**Data section:**

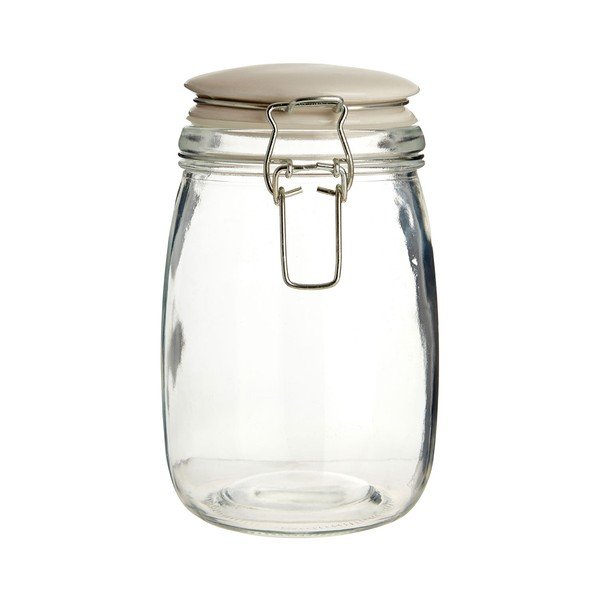 Set od 3 staklenke za pohranu u košarici Premier Housewares Country Cottage, 1000 ml-image-1
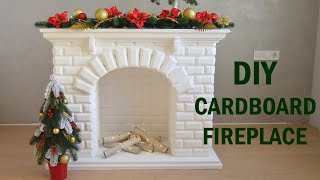 DIY cardboard Fireplace  Камин из картона своими руками [upl. by Jamieson]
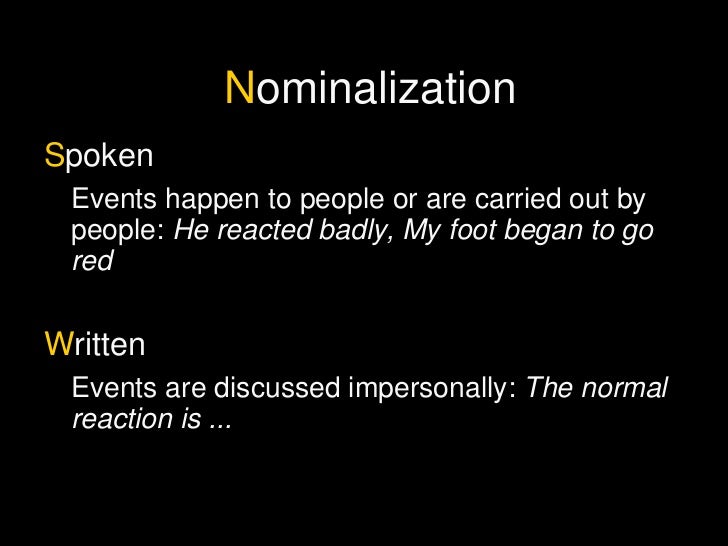 Nominalization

**Task to carry out:** After locating the line that contains "DIY cardboard Fireplace", output it and all later lines through the end of the material exactly, leaving out pictures.

**Written solution:**
 DIY cardboard Fireplace  Камин из картона своими руками [upl. by Jamieson]
 Nominalization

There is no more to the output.